L’uomo nel buio: la nascita del Man in the Dark
Il primo Man in the Dark, arrivato nelle sale nel 2016, partiva dalla necessità di Fede Álvarez di doversi andare a riscattare sul grande schermo. Il suo precedente film, lungometraggio d’esordio, era niente di meno che il remake di un’opera sacra come La casa, affossato e messo in croce da critica e pubblico nonostante il benestare dello stesso Sam Raimi (in produzione).
Così Álvarez decise di cambiare registro ed elaborò assieme a Rodo Sayagues una pellicola più piccola, per intenzioni e budget, e per certi versi anche minimalista. Niente sovrannaturale, praticamente niente sangue e un finale aperto. Nel mezzo solamente un’altra casa e un rovesciamento del topos cinematografico dell’home invasion, dove l’invasore diviene il predato. Fu un successo al botteghino.

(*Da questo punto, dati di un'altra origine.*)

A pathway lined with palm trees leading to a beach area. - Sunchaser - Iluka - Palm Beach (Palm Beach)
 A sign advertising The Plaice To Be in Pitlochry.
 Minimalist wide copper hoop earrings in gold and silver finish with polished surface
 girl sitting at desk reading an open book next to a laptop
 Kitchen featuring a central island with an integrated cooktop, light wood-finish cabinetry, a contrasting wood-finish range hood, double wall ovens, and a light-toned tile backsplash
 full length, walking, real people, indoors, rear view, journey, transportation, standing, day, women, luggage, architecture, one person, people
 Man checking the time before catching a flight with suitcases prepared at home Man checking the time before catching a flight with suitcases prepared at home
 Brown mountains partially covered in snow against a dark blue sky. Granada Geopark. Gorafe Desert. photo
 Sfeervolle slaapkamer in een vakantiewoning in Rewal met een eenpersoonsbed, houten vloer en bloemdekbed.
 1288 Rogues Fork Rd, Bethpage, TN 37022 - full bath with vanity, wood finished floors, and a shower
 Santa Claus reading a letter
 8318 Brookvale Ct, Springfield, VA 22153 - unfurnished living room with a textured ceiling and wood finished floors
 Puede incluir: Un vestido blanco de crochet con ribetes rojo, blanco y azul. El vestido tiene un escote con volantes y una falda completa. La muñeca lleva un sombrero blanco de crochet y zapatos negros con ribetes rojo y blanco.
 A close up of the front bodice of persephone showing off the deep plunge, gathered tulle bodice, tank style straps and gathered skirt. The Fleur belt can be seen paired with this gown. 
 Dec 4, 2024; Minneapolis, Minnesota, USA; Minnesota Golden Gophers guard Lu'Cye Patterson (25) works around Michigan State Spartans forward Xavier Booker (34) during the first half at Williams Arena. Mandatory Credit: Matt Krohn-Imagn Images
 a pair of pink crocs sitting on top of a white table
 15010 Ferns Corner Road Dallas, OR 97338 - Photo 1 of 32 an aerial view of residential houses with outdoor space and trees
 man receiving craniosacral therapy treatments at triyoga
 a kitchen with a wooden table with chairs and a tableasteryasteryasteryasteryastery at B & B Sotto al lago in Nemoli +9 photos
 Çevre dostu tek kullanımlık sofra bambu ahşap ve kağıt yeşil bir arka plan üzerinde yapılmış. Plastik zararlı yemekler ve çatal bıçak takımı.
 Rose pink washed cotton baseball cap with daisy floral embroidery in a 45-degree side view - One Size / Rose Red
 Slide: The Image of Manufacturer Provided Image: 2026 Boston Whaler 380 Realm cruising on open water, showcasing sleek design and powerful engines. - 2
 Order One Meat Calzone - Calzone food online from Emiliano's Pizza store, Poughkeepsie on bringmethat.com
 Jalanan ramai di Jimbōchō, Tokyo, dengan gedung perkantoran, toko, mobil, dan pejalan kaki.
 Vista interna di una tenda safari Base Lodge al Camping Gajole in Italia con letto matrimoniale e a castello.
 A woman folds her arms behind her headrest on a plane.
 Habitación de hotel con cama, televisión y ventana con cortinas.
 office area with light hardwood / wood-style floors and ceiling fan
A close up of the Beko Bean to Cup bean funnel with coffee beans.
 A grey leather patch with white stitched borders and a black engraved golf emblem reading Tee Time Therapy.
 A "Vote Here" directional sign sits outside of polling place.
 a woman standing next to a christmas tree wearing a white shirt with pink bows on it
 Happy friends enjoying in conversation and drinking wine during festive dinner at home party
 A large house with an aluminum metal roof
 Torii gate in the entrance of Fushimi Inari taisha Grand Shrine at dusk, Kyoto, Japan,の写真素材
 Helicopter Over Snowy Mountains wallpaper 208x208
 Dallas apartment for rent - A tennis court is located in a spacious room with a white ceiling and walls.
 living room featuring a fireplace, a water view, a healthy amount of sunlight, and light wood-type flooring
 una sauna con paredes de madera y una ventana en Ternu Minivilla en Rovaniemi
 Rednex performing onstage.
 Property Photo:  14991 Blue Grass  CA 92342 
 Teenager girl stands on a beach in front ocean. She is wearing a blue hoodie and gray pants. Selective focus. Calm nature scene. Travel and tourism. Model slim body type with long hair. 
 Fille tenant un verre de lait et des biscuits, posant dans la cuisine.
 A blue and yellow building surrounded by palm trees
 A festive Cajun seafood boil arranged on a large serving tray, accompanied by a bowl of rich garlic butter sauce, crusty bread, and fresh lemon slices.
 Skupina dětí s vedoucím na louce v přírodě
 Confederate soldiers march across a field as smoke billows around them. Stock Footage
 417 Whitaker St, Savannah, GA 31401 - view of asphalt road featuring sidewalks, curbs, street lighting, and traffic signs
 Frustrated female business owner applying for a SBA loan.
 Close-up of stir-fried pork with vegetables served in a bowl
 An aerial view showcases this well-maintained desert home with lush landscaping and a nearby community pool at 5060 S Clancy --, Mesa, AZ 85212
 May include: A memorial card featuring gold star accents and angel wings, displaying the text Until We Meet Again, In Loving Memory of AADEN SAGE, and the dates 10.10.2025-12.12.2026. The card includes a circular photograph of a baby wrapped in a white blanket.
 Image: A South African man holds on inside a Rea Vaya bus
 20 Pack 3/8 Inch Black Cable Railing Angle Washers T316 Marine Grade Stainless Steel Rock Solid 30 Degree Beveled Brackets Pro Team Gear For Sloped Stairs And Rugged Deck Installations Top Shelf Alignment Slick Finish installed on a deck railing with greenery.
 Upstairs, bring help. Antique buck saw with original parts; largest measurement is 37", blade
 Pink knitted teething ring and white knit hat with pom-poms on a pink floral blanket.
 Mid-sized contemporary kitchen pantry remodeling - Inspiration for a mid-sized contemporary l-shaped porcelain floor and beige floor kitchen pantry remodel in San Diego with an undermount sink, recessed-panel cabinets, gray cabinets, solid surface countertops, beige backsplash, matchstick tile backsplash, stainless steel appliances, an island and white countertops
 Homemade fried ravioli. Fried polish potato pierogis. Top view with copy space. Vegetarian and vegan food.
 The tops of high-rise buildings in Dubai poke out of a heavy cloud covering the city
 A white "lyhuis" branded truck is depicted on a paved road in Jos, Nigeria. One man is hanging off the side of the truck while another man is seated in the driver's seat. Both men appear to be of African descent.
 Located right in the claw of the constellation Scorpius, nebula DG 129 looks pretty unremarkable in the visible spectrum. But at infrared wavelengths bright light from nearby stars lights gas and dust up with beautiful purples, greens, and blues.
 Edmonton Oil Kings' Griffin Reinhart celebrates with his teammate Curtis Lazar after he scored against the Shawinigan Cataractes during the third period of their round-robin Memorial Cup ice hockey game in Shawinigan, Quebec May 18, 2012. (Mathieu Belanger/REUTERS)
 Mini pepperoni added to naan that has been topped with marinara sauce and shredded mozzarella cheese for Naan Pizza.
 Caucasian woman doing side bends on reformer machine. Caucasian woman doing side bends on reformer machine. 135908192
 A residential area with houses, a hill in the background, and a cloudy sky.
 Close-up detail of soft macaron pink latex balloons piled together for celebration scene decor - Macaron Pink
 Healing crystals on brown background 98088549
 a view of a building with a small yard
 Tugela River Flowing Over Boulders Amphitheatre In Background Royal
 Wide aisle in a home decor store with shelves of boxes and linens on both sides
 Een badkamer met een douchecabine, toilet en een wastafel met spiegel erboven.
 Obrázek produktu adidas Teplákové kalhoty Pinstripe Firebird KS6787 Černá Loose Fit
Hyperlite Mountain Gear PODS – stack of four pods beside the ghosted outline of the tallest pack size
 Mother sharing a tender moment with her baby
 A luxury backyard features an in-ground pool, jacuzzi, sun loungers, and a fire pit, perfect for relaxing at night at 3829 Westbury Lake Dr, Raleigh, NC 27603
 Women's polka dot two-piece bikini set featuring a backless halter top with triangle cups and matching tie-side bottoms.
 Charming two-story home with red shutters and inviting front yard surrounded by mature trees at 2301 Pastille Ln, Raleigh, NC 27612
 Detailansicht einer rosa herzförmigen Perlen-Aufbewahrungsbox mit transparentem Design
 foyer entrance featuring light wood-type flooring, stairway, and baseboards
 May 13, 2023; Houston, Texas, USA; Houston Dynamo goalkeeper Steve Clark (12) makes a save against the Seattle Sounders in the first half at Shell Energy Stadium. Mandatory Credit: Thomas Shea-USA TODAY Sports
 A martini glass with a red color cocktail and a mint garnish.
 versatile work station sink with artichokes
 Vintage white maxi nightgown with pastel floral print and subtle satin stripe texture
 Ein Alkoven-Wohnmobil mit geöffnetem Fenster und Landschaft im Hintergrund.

Il ritorno del Blind Man in L’uomo nel buio – Man in the Dark
A distanza di cinque anni arriva l’inevitabile sequel, L’uomo nel buio – Man in the Dark, con un passaggio di testimone che in regia vede Álvarez fare il cambio con Sayagues chiamato a prendere le redini di un carro che appare sin da subito consapevole con quali strumenti dover andare a giocare.
Bastano pochi correlativi oggettivi per richiamare una continuità narrativa che tesse le fila di quella che sembra configurarsi immediatamente come una micro-mitologia interna: il cane Shadow, l’enorme revolver argentato, il veterano di guerra cieco (interpretato ancora da un azzeccatissimo Stephen Lang).
Nella diegesi sono passati otto anni dagli eventi del precedente film ma tutto è rimasto come allora. Sullo sfondo si erge la distante e decadente Detroit, scarico dell’american dream e oramai eterna periferia degli Stati Uniti che è ricettacolo della sconfitta dove si raggruma l’indesiderato. Una differenza però c’è. Una grande differenza. Ad accompagnare il «Blind Man» c’è una ragazzina, sua figlia Phoenix (Madelyn Grace).
Non ci sono più eroi ma solo antagonisti
In questa sede ovviamente non sveleremo nulla di più, ma chi ha visto il precedente capitolo di quella che pare andarsi a preannunciare come una serie che probabilmente proseguirà (titoli di coda…) sa bene quanto la presenza della piccola Phoenix faccia da notevole spartiacque tra il prima e il dopo.
Una presenza studiata dalla coppia Álvarez-Sayagues per costringere lo spettatore ad assumere anche un differente atteggiamento nei confronti della figura paterna di Lang, che dall’esterno sappiamo possedere delle sfumature morali che definire ambigue è un eufemismo. Una mossa estremamente rischiosa perché l’allineamento con il personaggio e le sue paturnie non è affatto scontato, soprattutto nel momento in cui un qualcosa accade e siamo chiamati a dover accostarci al personaggio. Non dimenticando mai, in ogni caso, come la vera protagonista sia la figura femminile (ora come allora), l’unica in grado di decidere davvero.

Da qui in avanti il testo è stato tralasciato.